*** Data for this exercise ***

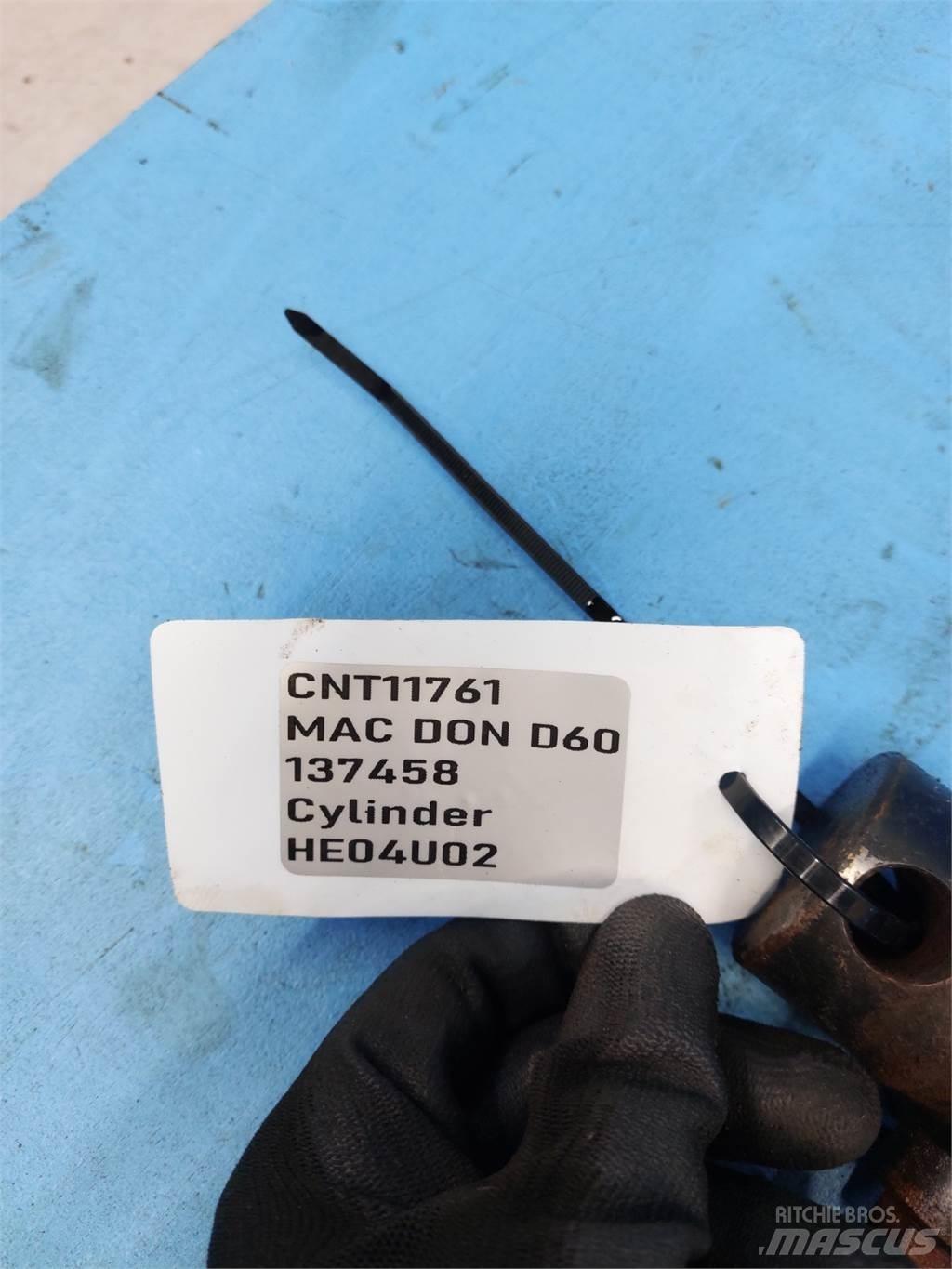 MacDon D60 Аксесоари  за комбайни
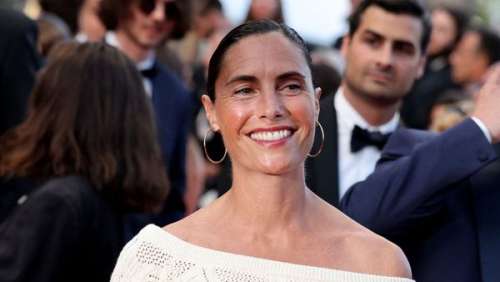 Cannes 2022 : Alessandra Sublet sublime, ventre sorti, auprès de son ex Jordan sur le tapis rouge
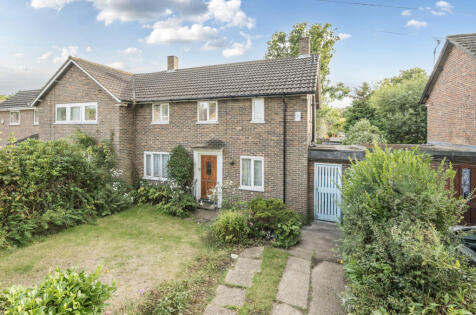 Balmoral Drive, Woking, Surrey, GU22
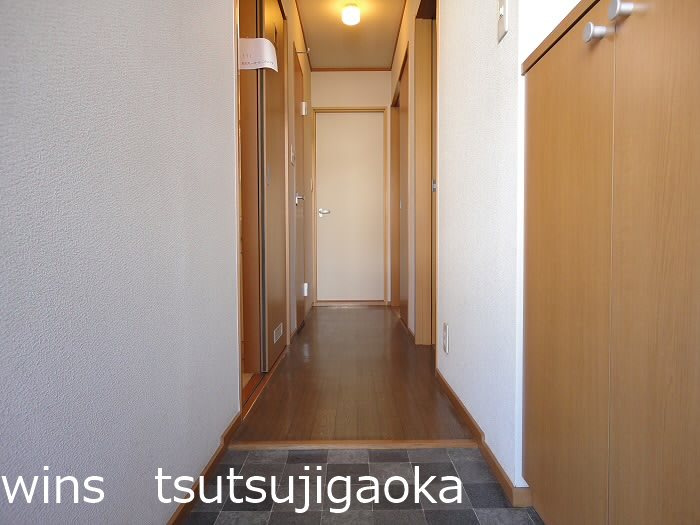 メープルアイ 玄関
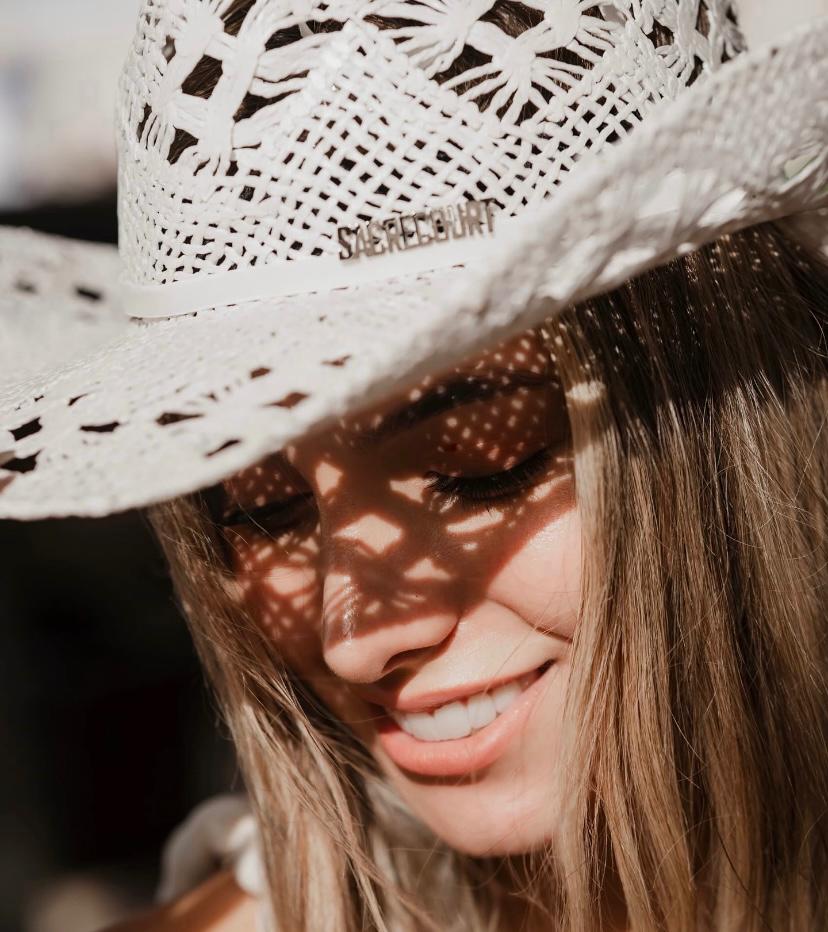 HORSE-RIDING HAT IN WHITE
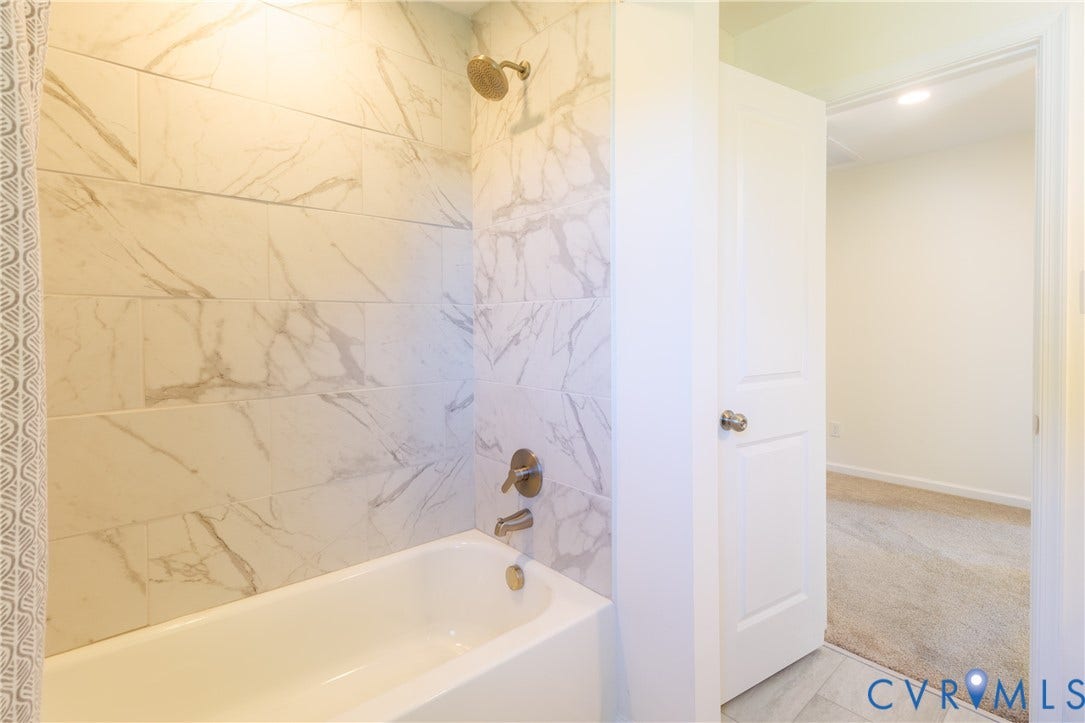 2213 W City Point Road, Hopewell, VA 23860 Full bath with tiled tub surround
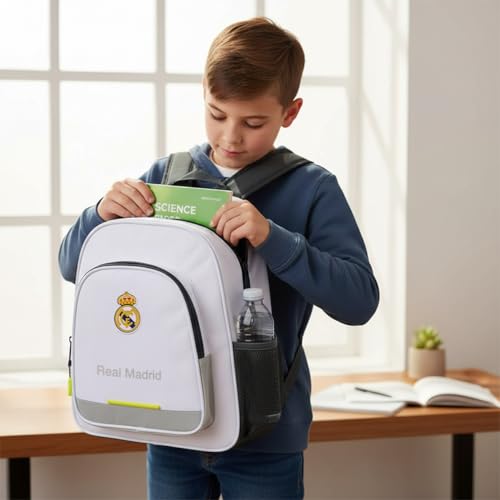 Miniatura 7 de Mochila Real Madrid Gran Capacidad Y Respaldo Acolchado Licencia Oficial Resistente Niños, Jóvenes Y Adultos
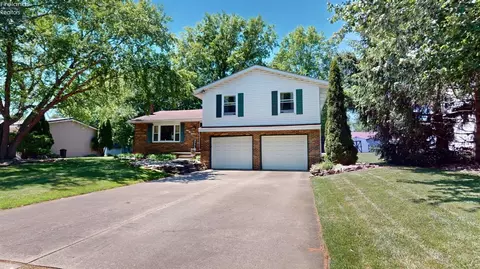 912 Tamarack Dr, Willard, OH 44890 photo 2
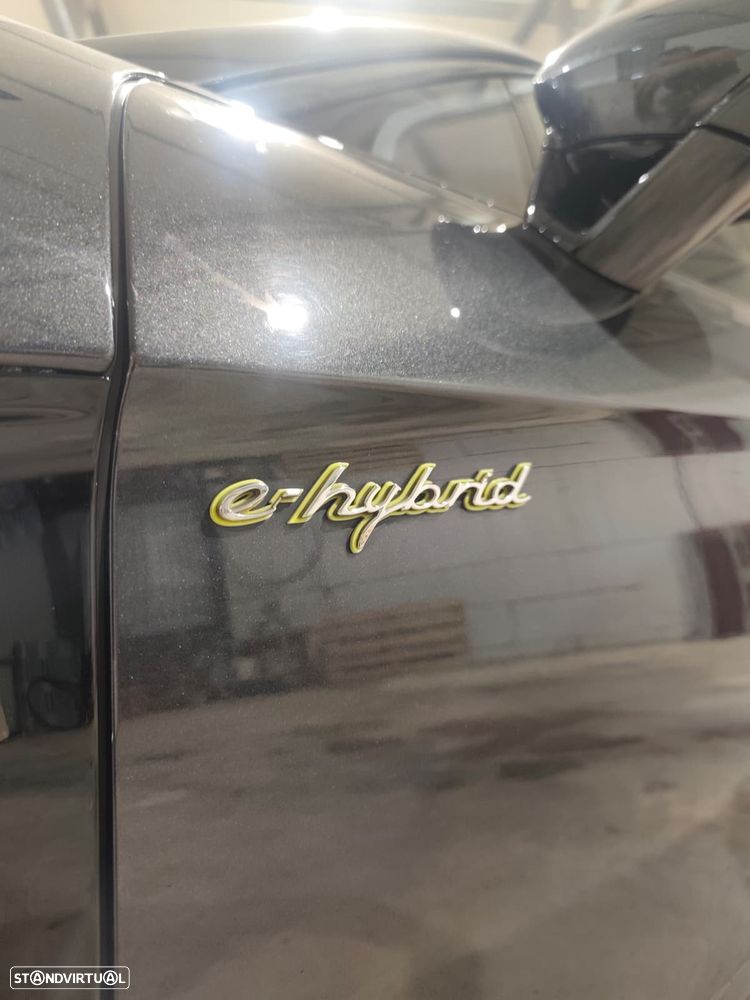 Porsche Panamera - 4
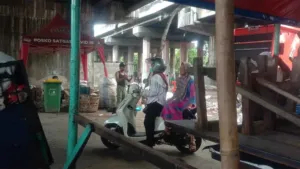 Kolong Tol Wiyoto Diserbu 52 Truk, dari Gunung Sampah Jadi Harapan Baru Warga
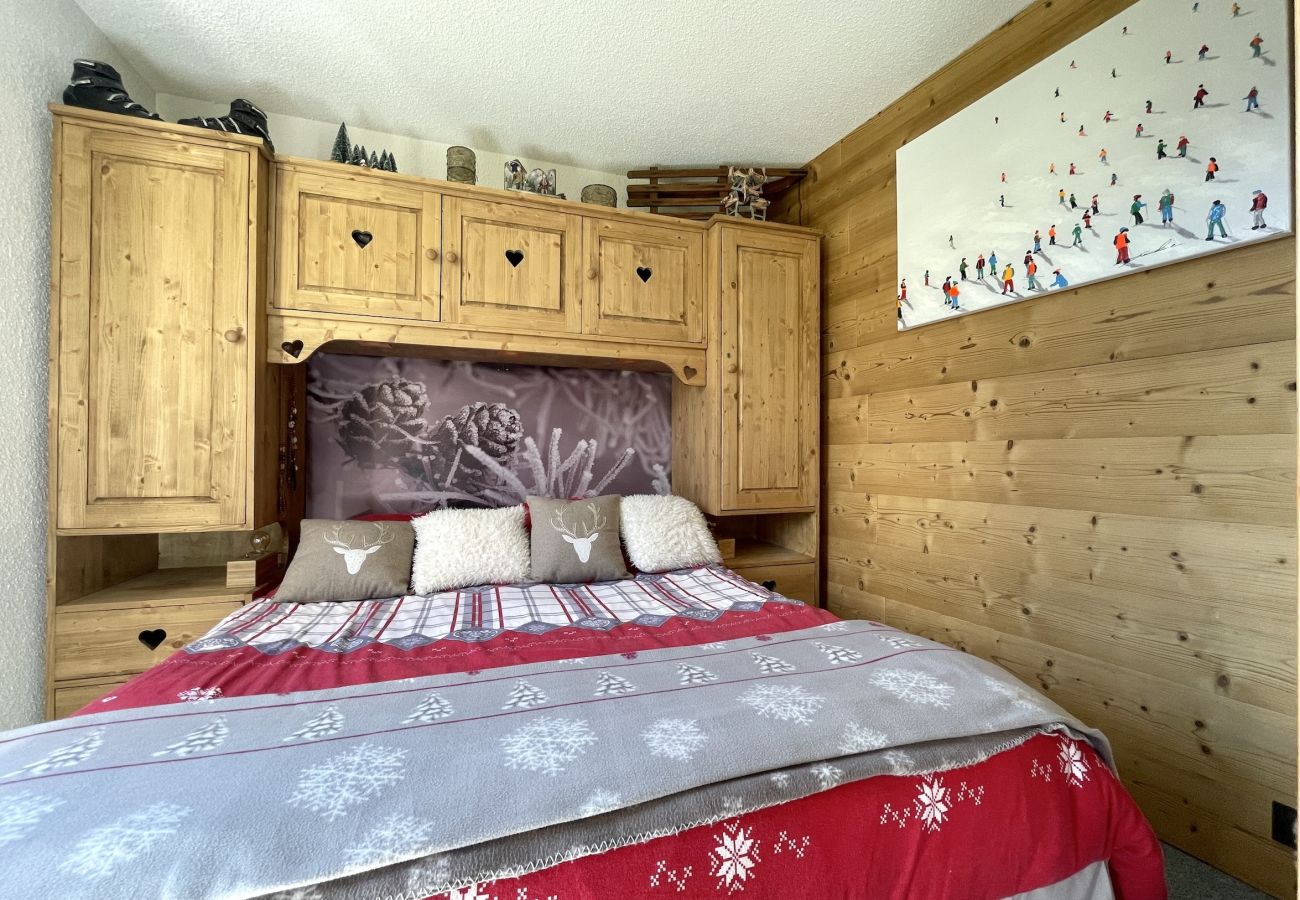 Apartment in Les Menuires - (19.127) T2 + coin nuit  style Chalet 3 Vallées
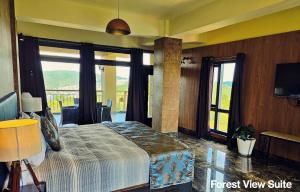 Schlafzimmer mit einem großen Bett und Aussicht in der Unterkunft Hotel Poles Apart in Shillong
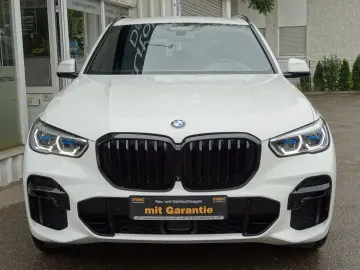 BMW X5 xDrive30d 21  M Sport Navi Leder Laser Luftfe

***

Go to the line containing "2213 W City", then write out word for word every line from there to the end of the listing. Keep both end lines and drop the pictures.

 2213 W City Point Road, Hopewell, VA 23860 Full bath with tiled tub surround
 Miniatura 7 de Mochila Real Madrid Gran Capacidad Y Respaldo Acolchado Licencia Oficial Resistente Niños, Jóvenes Y Adultos
 912 Tamarack Dr, Willard, OH 44890 photo 2
 Porsche Panamera - 4
 Kolong Tol Wiyoto Diserbu 52 Truk, dari Gunung Sampah Jadi Harapan Baru Warga
 Apartment in Les Menuires - (19.127) T2 + coin nuit  style Chalet 3 Vallées
 Schlafzimmer mit einem großen Bett und Aussicht in der Unterkunft Hotel Poles Apart in Shillong
 BMW X5 xDrive30d 21  M Sport Navi Leder Laser Luftfe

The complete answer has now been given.